ABOUT THIS TASK: Output the data word for word, dropping every image.

COLLECTED DATA:
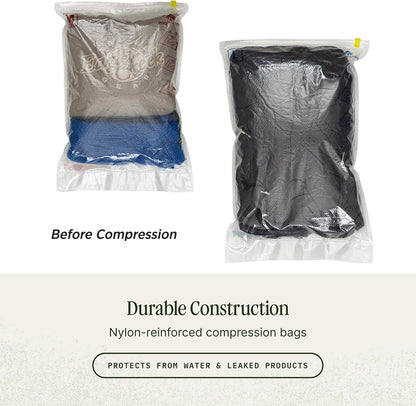 Pack-It Compression Bags for Travel Set - Featuring One-Way Pressure Valve & Zip - For Efficient Travel Bag Packing - Water Resistant - Clear - Medium/Large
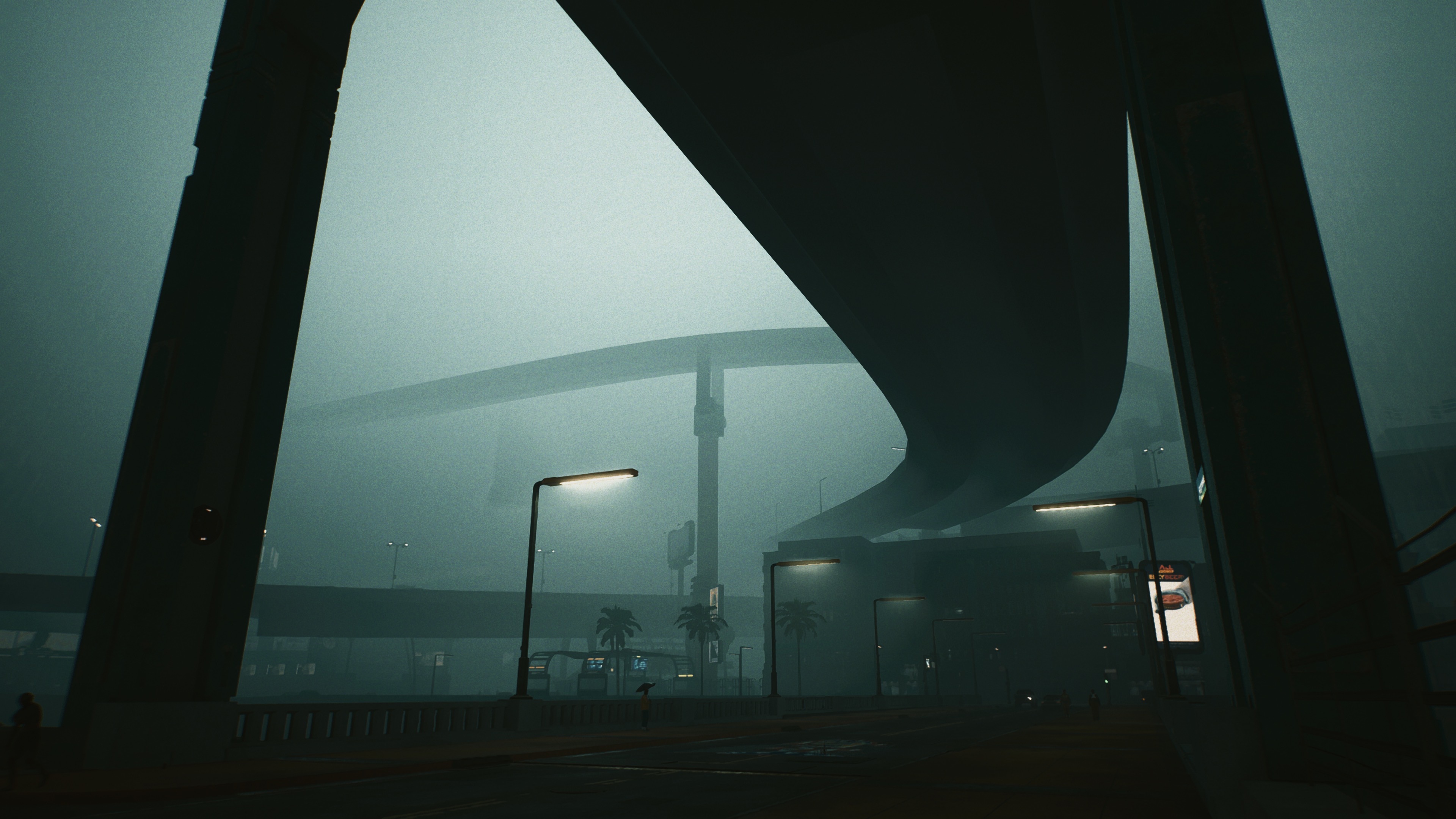 Eerie highway overpasses in fog with street lights HD Wallpaper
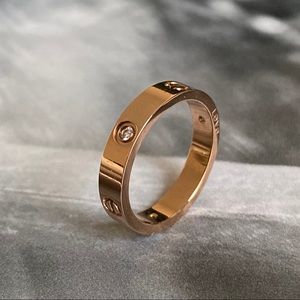 New 18k gold plated love ring with cubic zirconia ring | love ring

RESPONSE BELOW:
 Pack-It Compression Bags for Travel Set - Featuring One-Way Pressure Valve & Zip - For Efficient Travel Bag Packing - Water Resistant - Clear - Medium/Large
 Eerie highway overpasses in fog with street lights HD Wallpaper
 New 18k gold plated love ring with cubic zirconia ring | love ring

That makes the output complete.